In this post I show a simple illustration of a mixture of normal distributions. For the examples, we assume we have metric values that we suppose are generated by a mixture of two different normal distributions, which I'll call clusters. We don't know which datum came from each cluster. Our goal is to estimate the probability that each score came from each of the two clusters, and the means and SD of the normal distributions that describe the clusters.

The model specification (for JAGS): The assumes that the clusters have the same standard deviation, but different means.

model {
    # Likelihood:
    for( i in 1 : N ) {
      y[i] ~ dnorm( mu[i] , tau )
      mu[i] <- muOfClust[ clust[i] ]
      clust[i] ~ dcat( pClust[1:Nclust] )
    }
    # Prior:
    tau ~ dgamma( 0.01 , 0.01 )
    for ( clustIdx in 1: Nclust ) {
      muOfClust[clustIdx] ~ dnorm( 0 , 1.0E-10 )
    }
    pClust[1:Nclust] ~ ddirch( onesRepNclust )
}


The data specification:

# Generate random data from known parameter values:
set.seed(47405)
trueM1 = 100
N1 = 200
trueM2 = 145 # 145 for first example below; 130 for second example
N2 = 200
trueSD = 15
effsz = abs( trueM2 - trueM1 ) / trueSD
y1 = rnorm( N1 )
y1 = (y1-mean(y1))/sd(y1) * trueSD + trueM1
y2 = rnorm( N2 )
y2 = (y2-mean(y2))/sd(y2) * trueSD + trueM2
y = c( y1 , y2 )
N = length(y)

# Must have at least one data point with fixed assignment 
# to each cluster, otherwise some clusters will end up empty:
Nclust = 2
clust = rep(NA,N) 
clust[which.min(y)]=1 # smallest value assigned to cluster 1
clust[which.max(y)]=2 # highest value assigned to cluster 2 
dataList = list(
    y = y ,
    N = N ,
    Nclust = Nclust ,
    clust = clust ,
    onesRepNclust = rep(1,Nclust)
)

Results when mean of cluster 2 is 3 standard deviations away from mean of cluster 1: The posterior recovers the generating values fairly well.

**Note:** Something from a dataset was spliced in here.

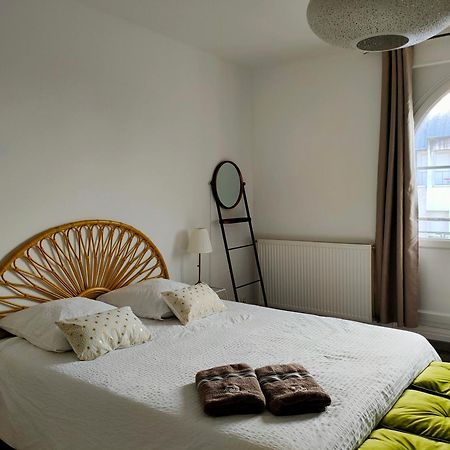 Dunkirk A La Villa Perroy Les Chambres Sont Spacieuses Et Les Petit-Dejeuners Offerts المظهر الخارجي الصورة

Upper panel: Data with underlying normal generators.
Lower panel: For each datum, the posterior probability that it is assigned to cluster 2.

Marginal posterior on cluster means and SD.

Pairs plot of cluster means and SD.

Results when mean of cluster 2 is 2 standard deviations away from mean of cluster 1: There is lots of uncertainty. See captions for discussion.

Lower panel: Notice that the lowest and highest data values have fixed cluster assignments, but all the other data values have posterior probabilities of cluster assignment noticeably far from 0 or 1.

Notice the bimodal distribution of sigma (SD).

Notice in the in the right column that when sigma is small, around 15, then the cluster means are near their true generating values. But when sigma is large, then the cluster means get close together. Essentially, there is a bimodal posterior: Either there are two clusters, with smaller sigma and distinct means, or there is one cluster, with larger sigma and both cluster means set near the mean of the one cluster.